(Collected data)
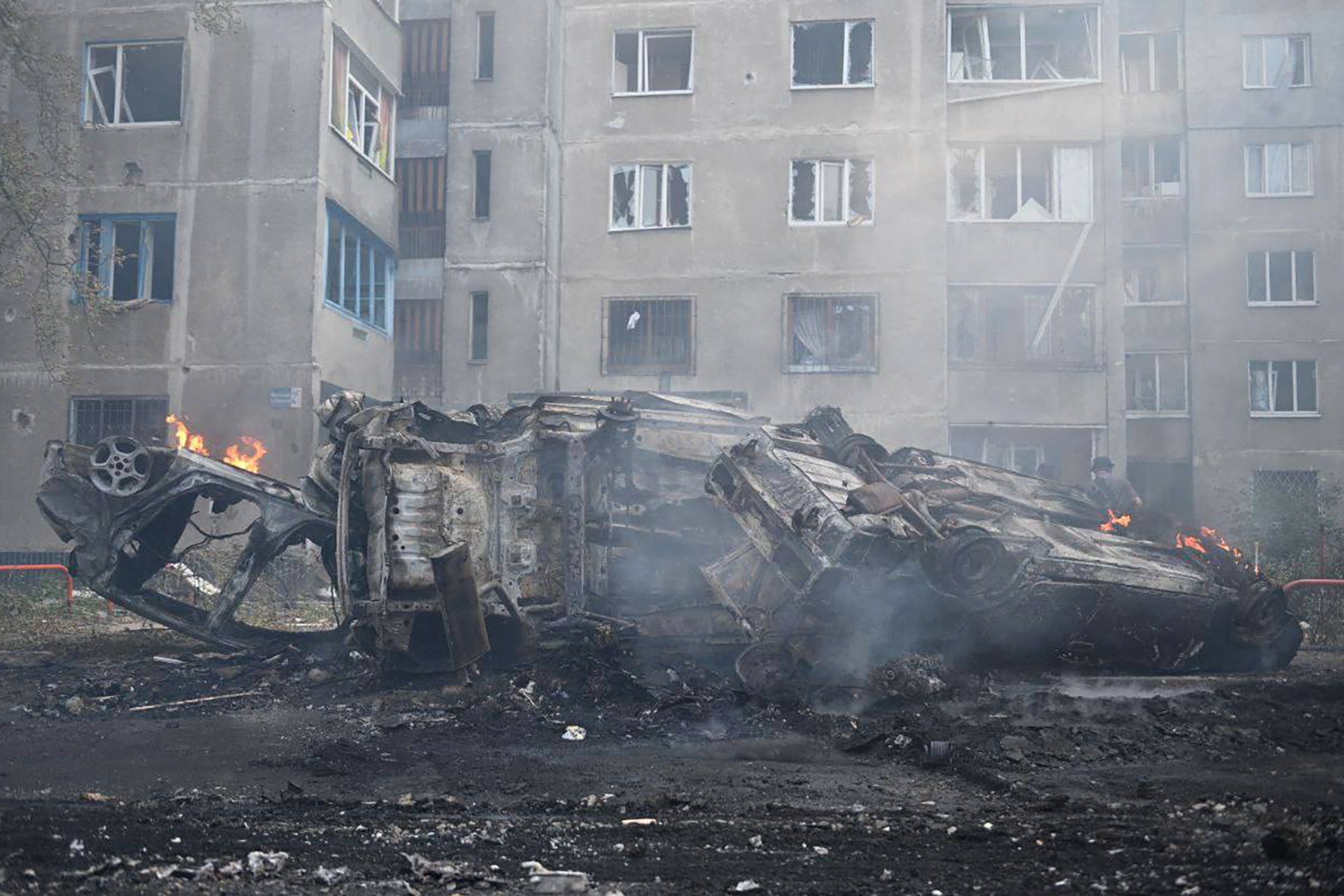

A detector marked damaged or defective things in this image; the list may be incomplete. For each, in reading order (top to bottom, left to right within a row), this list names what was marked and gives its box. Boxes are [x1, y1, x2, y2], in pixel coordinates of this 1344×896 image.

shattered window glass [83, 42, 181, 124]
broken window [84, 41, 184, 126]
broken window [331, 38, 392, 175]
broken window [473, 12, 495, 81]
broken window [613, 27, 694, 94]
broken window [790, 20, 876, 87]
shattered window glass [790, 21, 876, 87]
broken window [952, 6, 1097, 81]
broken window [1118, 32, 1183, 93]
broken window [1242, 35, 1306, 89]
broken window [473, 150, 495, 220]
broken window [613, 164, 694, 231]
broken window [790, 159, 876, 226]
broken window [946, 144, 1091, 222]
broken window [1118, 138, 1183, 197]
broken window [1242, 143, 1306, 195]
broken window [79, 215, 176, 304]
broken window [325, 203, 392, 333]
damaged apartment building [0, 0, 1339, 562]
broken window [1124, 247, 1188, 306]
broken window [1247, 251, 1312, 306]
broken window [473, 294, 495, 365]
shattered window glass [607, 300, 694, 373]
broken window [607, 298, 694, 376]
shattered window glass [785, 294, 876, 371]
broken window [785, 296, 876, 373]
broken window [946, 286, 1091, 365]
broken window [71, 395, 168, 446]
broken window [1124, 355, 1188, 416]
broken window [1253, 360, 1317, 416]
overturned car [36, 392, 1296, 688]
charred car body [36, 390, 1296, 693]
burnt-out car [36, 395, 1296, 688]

THE PROBLEM: Pictures aside, retype all of the entries word for word.

RESPONSE TO THE TASK:
A detector marked damaged or defective things in this image; the list may be incomplete. For each, in reading order (top to bottom, left to right within a row), this list names what was marked and gives its box. Boxes are [x1, y1, x2, y2], in pixel coordinates of this 1344×896 image.

shattered window glass [83, 42, 181, 124]
broken window [84, 41, 184, 126]
broken window [331, 38, 392, 175]
broken window [473, 12, 495, 81]
broken window [613, 27, 694, 94]
broken window [790, 20, 876, 87]
shattered window glass [790, 21, 876, 87]
broken window [952, 6, 1097, 81]
broken window [1118, 32, 1183, 93]
broken window [1242, 35, 1306, 89]
broken window [473, 150, 495, 220]
broken window [613, 164, 694, 231]
broken window [790, 159, 876, 226]
broken window [946, 144, 1091, 222]
broken window [1118, 138, 1183, 197]
broken window [1242, 143, 1306, 195]
broken window [79, 215, 176, 304]
broken window [325, 203, 392, 333]
damaged apartment building [0, 0, 1339, 562]
broken window [1124, 247, 1188, 306]
broken window [1247, 251, 1312, 306]
broken window [473, 294, 495, 365]
shattered window glass [607, 300, 694, 373]
broken window [607, 298, 694, 376]
shattered window glass [785, 294, 876, 371]
broken window [785, 296, 876, 373]
broken window [946, 286, 1091, 365]
broken window [71, 395, 168, 446]
broken window [1124, 355, 1188, 416]
broken window [1253, 360, 1317, 416]
overturned car [36, 392, 1296, 688]
charred car body [36, 390, 1296, 693]
burnt-out car [36, 395, 1296, 688]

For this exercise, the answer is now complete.